Using the data below, copy each line that includes the word "background".

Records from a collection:
Start of Block
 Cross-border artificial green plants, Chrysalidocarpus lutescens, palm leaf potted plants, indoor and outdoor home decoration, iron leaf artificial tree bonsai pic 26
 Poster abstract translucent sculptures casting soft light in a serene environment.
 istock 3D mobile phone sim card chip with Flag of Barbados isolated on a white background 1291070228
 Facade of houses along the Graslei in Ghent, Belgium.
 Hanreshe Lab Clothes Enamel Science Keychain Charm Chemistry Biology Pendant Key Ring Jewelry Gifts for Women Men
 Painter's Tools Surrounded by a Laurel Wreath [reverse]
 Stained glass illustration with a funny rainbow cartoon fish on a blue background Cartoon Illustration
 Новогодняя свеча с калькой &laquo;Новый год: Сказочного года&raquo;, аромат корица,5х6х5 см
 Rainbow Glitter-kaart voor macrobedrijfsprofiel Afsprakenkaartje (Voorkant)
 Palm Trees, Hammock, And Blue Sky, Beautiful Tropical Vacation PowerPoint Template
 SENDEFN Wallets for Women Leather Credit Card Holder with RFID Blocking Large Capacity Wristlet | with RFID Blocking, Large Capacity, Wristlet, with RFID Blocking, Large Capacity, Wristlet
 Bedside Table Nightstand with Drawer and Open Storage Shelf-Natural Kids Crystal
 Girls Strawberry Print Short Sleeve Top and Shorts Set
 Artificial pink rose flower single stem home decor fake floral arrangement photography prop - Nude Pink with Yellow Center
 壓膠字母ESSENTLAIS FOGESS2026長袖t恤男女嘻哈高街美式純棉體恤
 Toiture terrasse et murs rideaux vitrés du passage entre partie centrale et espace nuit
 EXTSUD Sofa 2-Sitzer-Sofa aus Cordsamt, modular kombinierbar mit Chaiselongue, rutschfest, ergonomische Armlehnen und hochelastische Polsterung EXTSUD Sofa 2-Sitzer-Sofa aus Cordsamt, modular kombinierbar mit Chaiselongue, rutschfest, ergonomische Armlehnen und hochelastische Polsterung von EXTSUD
End of Block
WRITTEN SOLUTION:
 istock 3D mobile phone sim card chip with Flag of Barbados isolated on a white background 1291070228
 Stained glass illustration with a funny rainbow cartoon fish on a blue background Cartoon Illustration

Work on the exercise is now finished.